Using the listing below, copy exactly each line from the one that has "Petal And Pup" through the one that has "2009-2016 White Blue"; omit the pictures.

*PROVIDED INFORMATION*.
↓↓↓

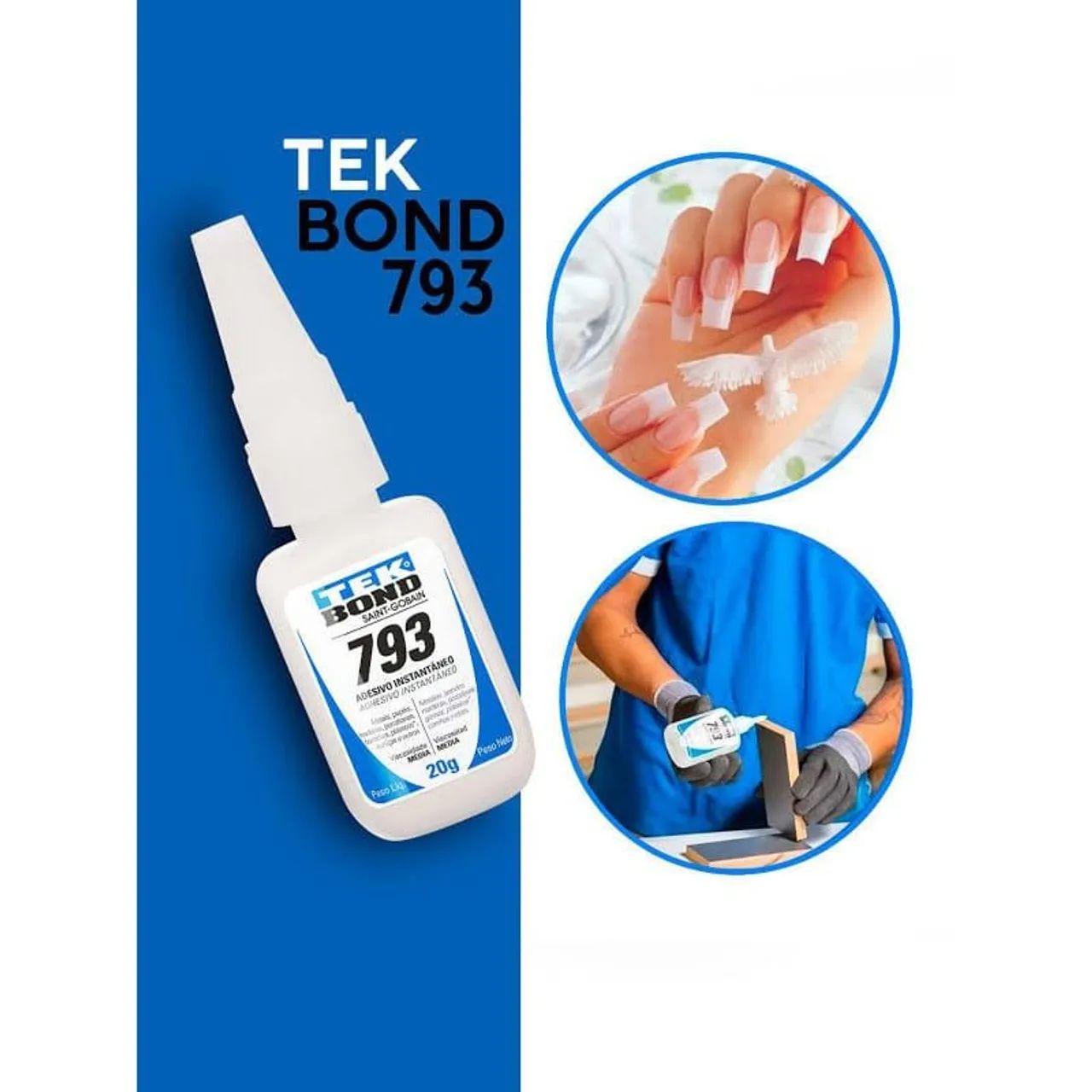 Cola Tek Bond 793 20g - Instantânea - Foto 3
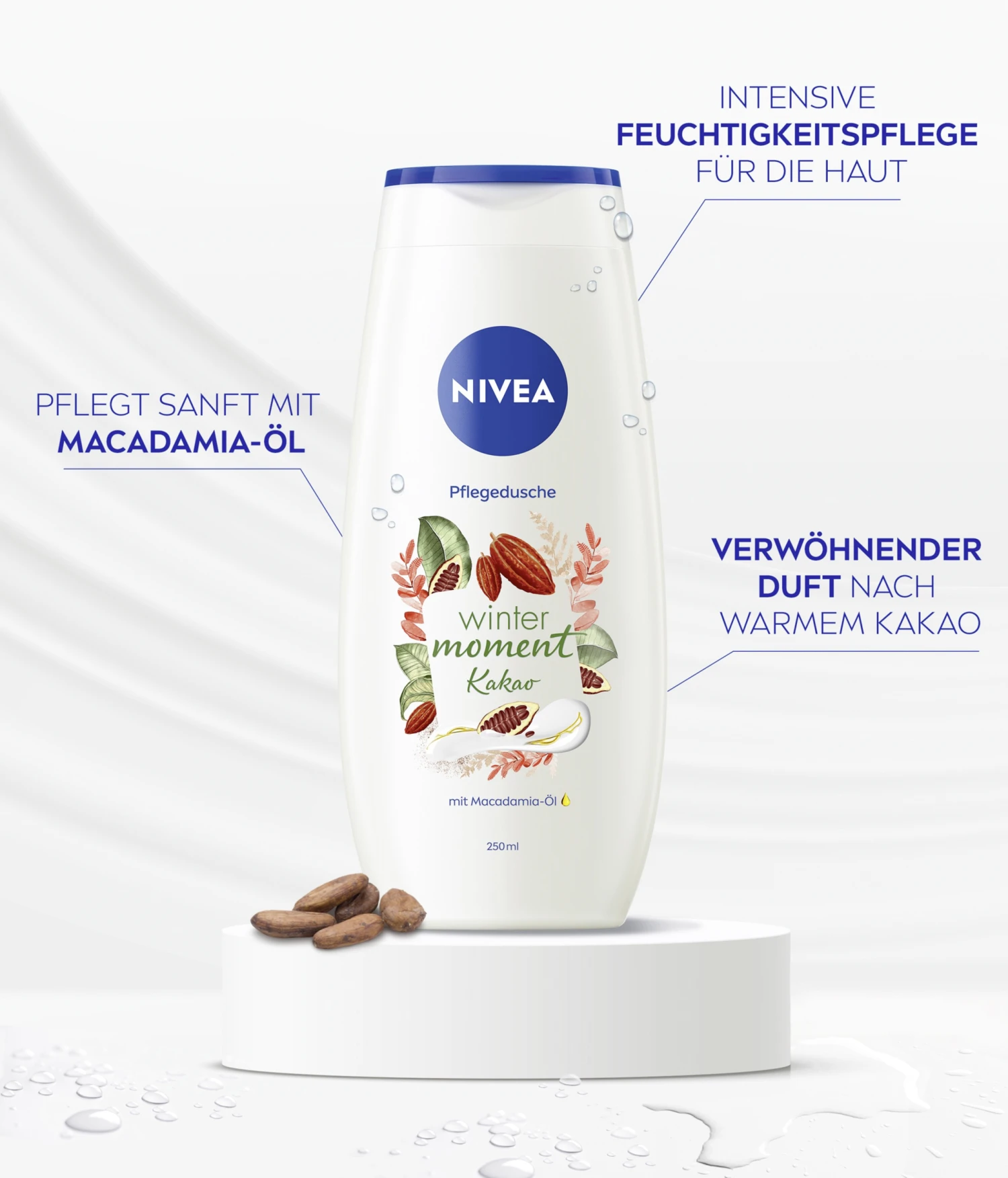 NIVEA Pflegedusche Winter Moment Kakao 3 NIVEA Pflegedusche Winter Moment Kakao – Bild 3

↑↑↑
↓↓↓

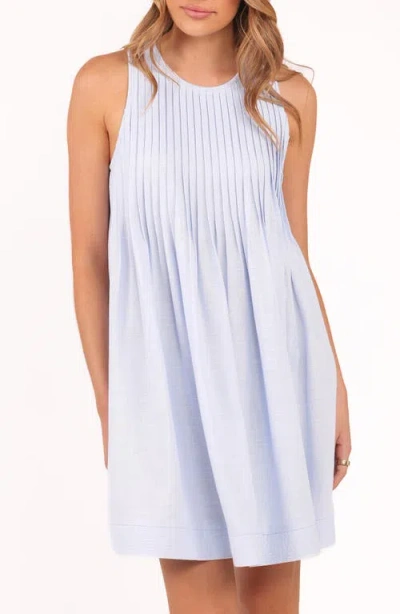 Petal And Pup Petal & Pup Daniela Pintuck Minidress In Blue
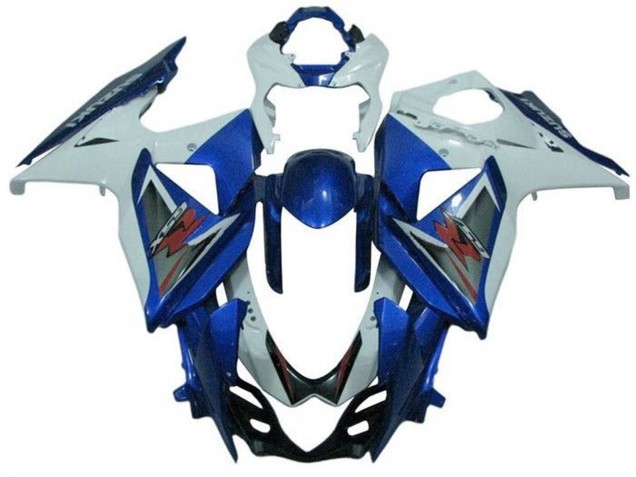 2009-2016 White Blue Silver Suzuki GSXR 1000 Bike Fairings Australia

↑↑↑

*SOLUTION FOR THIS EXERCISE*.
 Petal And Pup Petal & Pup Daniela Pintuck Minidress In Blue
 2009-2016 White Blue Silver Suzuki GSXR 1000 Bike Fairings Australia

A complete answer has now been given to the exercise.